Top of PROVIDED ENTRIES

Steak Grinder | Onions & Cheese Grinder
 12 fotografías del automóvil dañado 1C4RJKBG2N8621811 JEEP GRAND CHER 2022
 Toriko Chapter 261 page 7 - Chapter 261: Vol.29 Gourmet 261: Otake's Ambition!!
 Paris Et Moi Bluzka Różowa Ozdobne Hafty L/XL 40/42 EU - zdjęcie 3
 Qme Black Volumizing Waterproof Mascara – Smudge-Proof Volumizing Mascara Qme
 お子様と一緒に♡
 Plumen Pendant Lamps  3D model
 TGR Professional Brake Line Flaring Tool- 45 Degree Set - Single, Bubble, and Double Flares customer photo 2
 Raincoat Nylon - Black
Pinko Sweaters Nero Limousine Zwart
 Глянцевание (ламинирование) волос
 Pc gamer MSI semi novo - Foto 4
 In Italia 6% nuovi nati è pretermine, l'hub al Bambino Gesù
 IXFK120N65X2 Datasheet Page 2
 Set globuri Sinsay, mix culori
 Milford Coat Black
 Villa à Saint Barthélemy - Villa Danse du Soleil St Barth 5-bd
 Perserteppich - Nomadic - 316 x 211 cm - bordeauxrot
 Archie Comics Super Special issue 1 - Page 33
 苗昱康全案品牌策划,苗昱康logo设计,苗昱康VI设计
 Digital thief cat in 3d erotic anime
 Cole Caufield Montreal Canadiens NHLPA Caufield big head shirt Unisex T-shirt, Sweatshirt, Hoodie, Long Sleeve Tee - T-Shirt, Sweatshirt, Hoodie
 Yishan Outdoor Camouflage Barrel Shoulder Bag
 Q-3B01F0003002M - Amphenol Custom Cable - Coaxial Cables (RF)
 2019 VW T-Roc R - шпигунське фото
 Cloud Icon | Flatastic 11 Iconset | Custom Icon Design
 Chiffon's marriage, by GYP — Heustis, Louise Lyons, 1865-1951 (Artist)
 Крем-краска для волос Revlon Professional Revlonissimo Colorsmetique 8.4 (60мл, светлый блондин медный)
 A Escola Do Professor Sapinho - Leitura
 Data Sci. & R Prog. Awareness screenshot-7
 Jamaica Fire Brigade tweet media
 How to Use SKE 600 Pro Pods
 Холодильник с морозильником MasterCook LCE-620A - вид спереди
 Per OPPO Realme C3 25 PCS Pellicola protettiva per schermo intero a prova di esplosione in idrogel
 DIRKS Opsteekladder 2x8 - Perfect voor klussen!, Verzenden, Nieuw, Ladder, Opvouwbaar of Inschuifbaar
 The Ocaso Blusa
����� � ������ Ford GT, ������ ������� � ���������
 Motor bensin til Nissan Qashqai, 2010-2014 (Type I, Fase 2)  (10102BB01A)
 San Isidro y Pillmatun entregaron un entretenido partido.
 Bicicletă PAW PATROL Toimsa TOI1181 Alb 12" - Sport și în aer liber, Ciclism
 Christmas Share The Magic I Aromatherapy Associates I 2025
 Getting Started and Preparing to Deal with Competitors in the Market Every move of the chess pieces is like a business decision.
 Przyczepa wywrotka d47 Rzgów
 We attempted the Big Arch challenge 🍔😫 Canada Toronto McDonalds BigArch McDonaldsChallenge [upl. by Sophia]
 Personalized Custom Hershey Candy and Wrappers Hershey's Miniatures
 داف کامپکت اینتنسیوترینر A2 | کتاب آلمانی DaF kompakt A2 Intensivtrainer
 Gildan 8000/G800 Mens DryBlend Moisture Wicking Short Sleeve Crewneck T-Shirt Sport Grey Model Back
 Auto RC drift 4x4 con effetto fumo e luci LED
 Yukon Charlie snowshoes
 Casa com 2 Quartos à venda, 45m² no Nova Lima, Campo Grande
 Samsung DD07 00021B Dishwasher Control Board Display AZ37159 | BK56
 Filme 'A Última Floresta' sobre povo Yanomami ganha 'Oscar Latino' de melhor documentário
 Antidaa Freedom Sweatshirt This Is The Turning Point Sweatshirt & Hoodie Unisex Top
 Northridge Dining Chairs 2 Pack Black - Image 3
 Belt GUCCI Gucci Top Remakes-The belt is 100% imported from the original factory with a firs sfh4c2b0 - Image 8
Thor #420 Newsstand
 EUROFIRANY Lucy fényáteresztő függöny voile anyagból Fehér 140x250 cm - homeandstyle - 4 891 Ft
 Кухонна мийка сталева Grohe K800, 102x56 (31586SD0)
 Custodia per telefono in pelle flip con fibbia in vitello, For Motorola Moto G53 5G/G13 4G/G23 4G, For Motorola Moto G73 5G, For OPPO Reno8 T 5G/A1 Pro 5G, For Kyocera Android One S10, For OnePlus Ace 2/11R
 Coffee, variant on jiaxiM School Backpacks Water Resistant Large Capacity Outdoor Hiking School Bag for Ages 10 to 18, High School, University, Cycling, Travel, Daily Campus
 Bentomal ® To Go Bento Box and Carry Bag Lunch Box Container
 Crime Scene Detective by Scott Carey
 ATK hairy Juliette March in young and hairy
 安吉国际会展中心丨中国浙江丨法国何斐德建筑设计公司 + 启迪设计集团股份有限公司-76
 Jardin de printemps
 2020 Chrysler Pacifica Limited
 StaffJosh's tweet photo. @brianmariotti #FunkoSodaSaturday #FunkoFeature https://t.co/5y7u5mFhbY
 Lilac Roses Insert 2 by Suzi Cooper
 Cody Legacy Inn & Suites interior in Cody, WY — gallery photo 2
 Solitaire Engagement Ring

Bottom of PROVIDED ENTRIES

Only one number is wanted: the number of lines in the listing that contain the string "photo".

--- ANSWER TO THIS PROBLEM ---
3